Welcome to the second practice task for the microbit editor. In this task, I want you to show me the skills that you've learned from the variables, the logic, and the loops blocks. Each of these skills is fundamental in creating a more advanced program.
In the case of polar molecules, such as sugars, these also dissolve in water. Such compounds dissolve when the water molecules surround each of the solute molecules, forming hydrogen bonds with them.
==
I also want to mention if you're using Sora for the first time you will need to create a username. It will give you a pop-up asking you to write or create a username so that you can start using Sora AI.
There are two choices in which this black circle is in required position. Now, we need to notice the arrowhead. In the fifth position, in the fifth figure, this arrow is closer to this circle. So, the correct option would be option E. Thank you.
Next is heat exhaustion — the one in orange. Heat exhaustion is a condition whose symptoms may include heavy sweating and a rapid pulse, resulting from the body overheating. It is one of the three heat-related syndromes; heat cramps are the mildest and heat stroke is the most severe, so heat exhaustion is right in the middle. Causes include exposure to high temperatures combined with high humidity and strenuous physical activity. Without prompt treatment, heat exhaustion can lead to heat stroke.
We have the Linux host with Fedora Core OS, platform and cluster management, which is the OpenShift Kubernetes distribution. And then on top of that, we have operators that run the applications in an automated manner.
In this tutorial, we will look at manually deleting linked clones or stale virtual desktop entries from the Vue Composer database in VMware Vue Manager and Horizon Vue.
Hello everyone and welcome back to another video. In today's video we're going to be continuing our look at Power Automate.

# Exercise requirements
Only the lines above from the one with "There are two" through the one with "Next is heat" should be duplicated, character for character.

# Task output
There are two choices in which this black circle is in required position. Now, we need to notice the arrowhead. In the fifth position, in the fifth figure, this arrow is closer to this circle. So, the correct option would be option E. Thank you.
Next is heat exhaustion — the one in orange. Heat exhaustion is a condition whose symptoms may include heavy sweating and a rapid pulse, resulting from the body overheating. It is one of the three heat-related syndromes; heat cramps are the mildest and heat stroke is the most severe, so heat exhaustion is right in the middle. Causes include exposure to high temperatures combined with high humidity and strenuous physical activity. Without prompt treatment, heat exhaustion can lead to heat stroke.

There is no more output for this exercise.